European Union authorities have unveiled new regulations aimed at imposing clearer transparency standards on Big Tech companies in relation to political advertising on their platforms.
The rules mandate that these tech giants, including Google and Meta, must provide information about the source of funding for political ads, the amount spent, and the specific elections being targeted. These measures come as the European Union prepares for significant elections in the coming year.
Agreed upon by EU member states and European Parliament legislators, these rules are designed to enhance transparency and accountability in the realm of political advertising. Violations of these regulations can result in fines of up to 6% of the annual turnover of the ad provider.

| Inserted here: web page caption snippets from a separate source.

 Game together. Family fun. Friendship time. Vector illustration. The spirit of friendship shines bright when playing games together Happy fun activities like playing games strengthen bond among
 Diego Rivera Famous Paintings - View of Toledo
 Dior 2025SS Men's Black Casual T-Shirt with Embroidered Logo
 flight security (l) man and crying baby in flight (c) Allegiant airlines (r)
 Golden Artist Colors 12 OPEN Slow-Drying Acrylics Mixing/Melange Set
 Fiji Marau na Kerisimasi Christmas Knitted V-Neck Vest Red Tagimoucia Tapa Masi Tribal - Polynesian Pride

Notably, the rules also prohibit third-party entities from sponsoring political advertising within the EU during the three months leading up to an election or referendum. Furthermore, they include a ban on ads that create profiles of individuals based on factors such as ethnicity, religion, or sexual orientation.
MEP Sandro Gozi, who has played a leading role in the European Parliament’s efforts to shape these regulations, expressed that these new rules will bolster defenses against foreign actors seeking to spread disinformation and interfere in the democratic processes of the EU. These measures aim to safeguard free and democratic processes within the European Union.
EU member states and European Union legislators have reached an agreement following extensive discussions to finalize the draft regulation proposed by the European Commission last year. Under these new regulations, all online political advertisements will be accessible through an online ad repository.
The European Parliament is scheduled to hold elections in June next year, and there is a heightened concern about disinformation and potential foreign interference leading up to the polls.
These pan-European rules will take effect 18 months after their implementation, expected in 2025. In the interim, measures governing the equitable provision of cross-border political advertising, including for European political parties and political groups, will already be in place for the European Parliament elections in 2024.